Originally published in the May 10, 2009 edition of "The Source."
Exciting, witty and fun are not words typically equated with “Star Trek.”
Unlike many of my peers, I did not grow up in a Spock-loving home. I viewed “Star Trek” as the domain of nerds, a logic-obsessed cult obsession that was as lifeless and dull as high school physics.
The best compliment I can pay to director J.J. Abrams’ re-launch of the franchise is that it is not only all the positive things I said earlier, but it also made me want to revisit the previous films and see if my prior judgment was completely wrong.
Part reboot and part sequel in a way that only “Star Trek,” with its time-hopping and alternate realities, can be, Abrams reignites a tired franchise in an intelligent, entertaining sci-fi adventure that wins over the uninitiated while still satisfying hard-core Trekkies. It starts the series fresh without denying the dozen films that came beforehand and does so with energy and charm that provide the real jump-start to the summer movie season. Forget the flaccid “Wolverine;” “Star Trek” is the origin film to see this summer.
The film opens with a brutal attack on the S.S. Kelvin by a Romulan vessel that has appeared out of nowhere, commandeered by vicious Nero (Eric Bana). Nero kills the Kelvin’s Captain, leaving George Kirk to sacrifice his life to save the crew, which also includes his wife and newborn son. James T. Kirk (Chris Pine) grows up to be a reckless juvenile delinquent, stealing cars and picking bar fights before a chance encounter with Captain Christopher Pike (Bruce Greenwood) causes him to enroll in Starfleet.
Right about now, devoted “Trek” fans are probably counting the ways in which this origin is wrong—Kirk knew his father, was a dedicated leader and best friends with Spock. I know this not because I was a fan of the series but because the film addresses these very inconsistencies; Nero’s attack, it seems, has altered the space-time continuum and changed the way that Kirk comes to serve on the S.S. Enterprise.
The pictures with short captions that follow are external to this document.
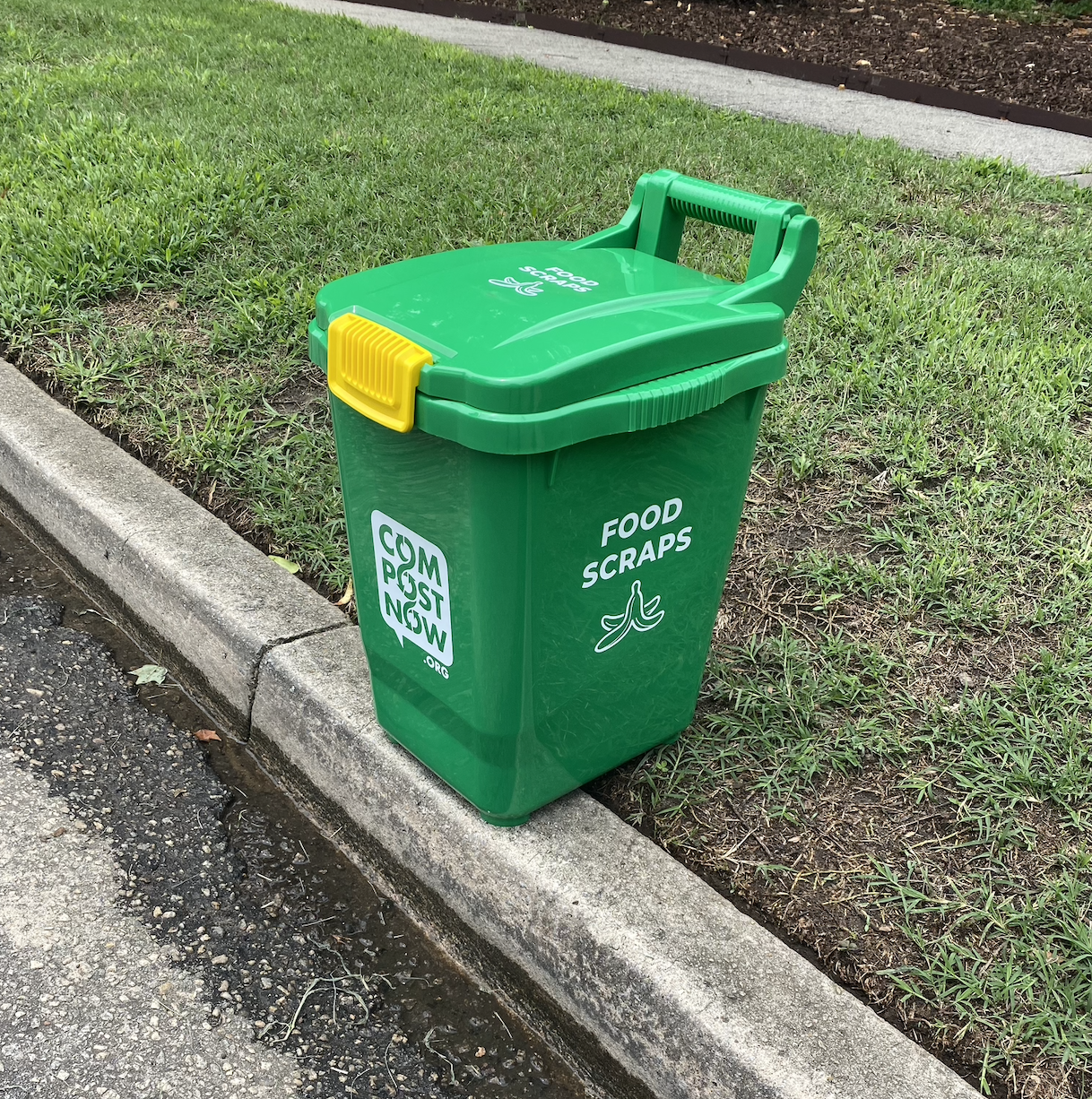 CompostNow green compost bin at the curb for pickup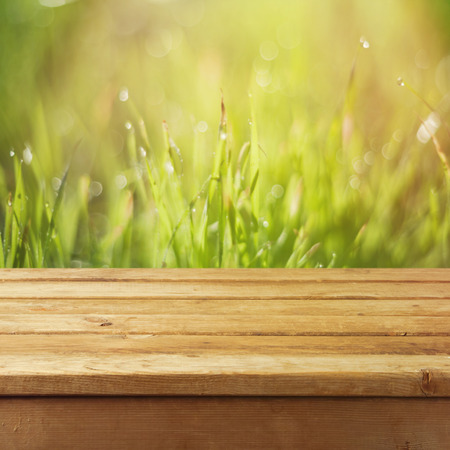 Empty wooden deck table over grass bokeh backgroundの写真素材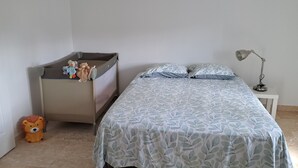 A bedroom with a bed, a nightstand, a lamp, a crib, and a teddy bear.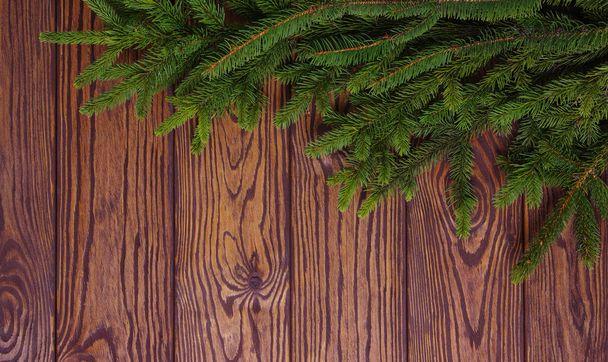 Christmas wooden background with fir tree.  - Foto, Bild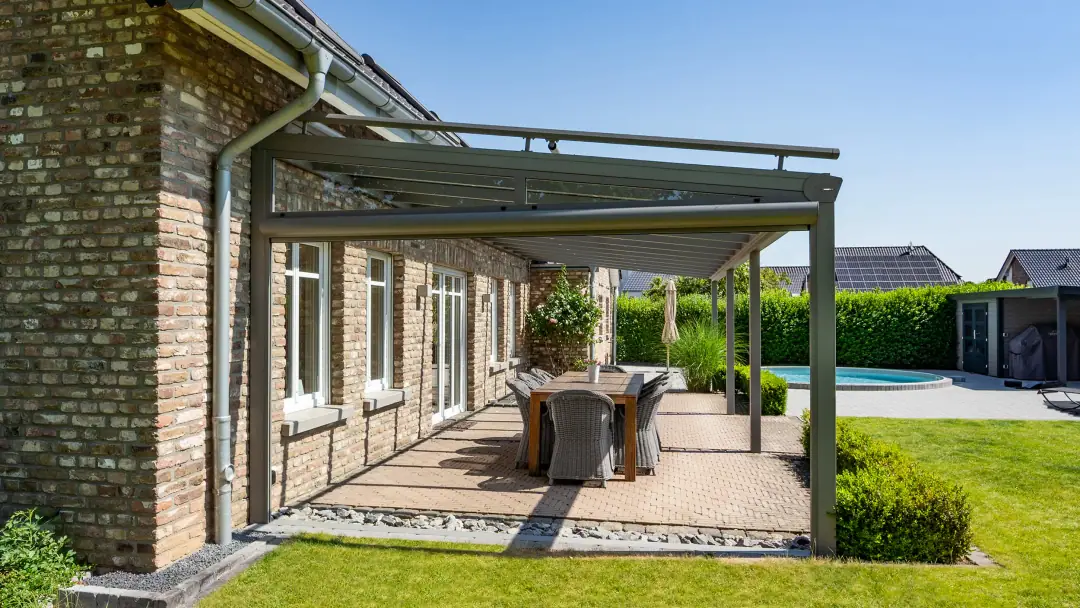 Trendstyle w kolorze szarego aluminium ze szklanym dachem i okrągłą rynną nad jadalnią, w tle basen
It has also changed his relationship with Spock (Zachary Quinto), the half-human, half-Vulcan who becomes the center of Nero’s plan. I won’t address anymore spoilers, except to say that the apparent discrepancies are explained by a beloved “Trek” icon whose appearance hammers home Abrams’ respect to “Trek” fans while setting the tone that while the film will be respectful, it’s going to evolve the franchise into its own animal. The continuity issues that many Trekkers complained bogged down previous films have been changed and the series has the freedom to move forward in a new direction.
While the events of the “Star Trek” universe may be altered, Abrams’ masterstroke is to use those as a way to re-introduce beloved characters. Although I was not a Trekker, it is probably to grow up without accumulating some “Star Trek” knowledge by pop culture osmosis. That’s why even I can smile when Kirk is introduced to “Bones” McCoy (Karl Urban), the gruff, no-nonsense doctor who becomes Kirk’s best friend in Academy. Mr. Sulu (John Cho), Chekov (Anton Yelchin) and Uhura are also along for the ride. The film also finds a new way to introduce Scotty, played by “Hot Fuzz’s” Simon Pegg, who manages to steal every scene he ends up in.
Make no mistake, though; this is not merely a “get the band together” film. At heart, Abrams is interested in restarting the franchise in a way that honors beloved characters. And that means creating a story in which Kirk’s cockiness will be put to the test and Spock will have to struggle with clashes between his human emotion and Vulcan logic. A key theme in the film is the balance needed between Kirk and Spock, who must overcome their bitterness and work together. The theme wouldn’t work if the actors didn’t deliver and its here that the film truly comes to life. Quinto, best known as the cold and calculating villain on television’s “Heroes,” embodies Spock’s brilliance and logic but also brings a human anger and sadness to the icon. Pine (“Smoking Aces”) never once goes for a William Shatner imitation and, instead, delivers a movie-star making turn as the reckless, womanizing and overly-confident Kirk. I was curious as to whether a young, unproven actor could anchor such an iconic franchise but, by the time Pine sits in the captain’s chair in the film’s end, I had no doubts. He’s a charismatic, funny and likable lead who directors would be wise to keep an eye on.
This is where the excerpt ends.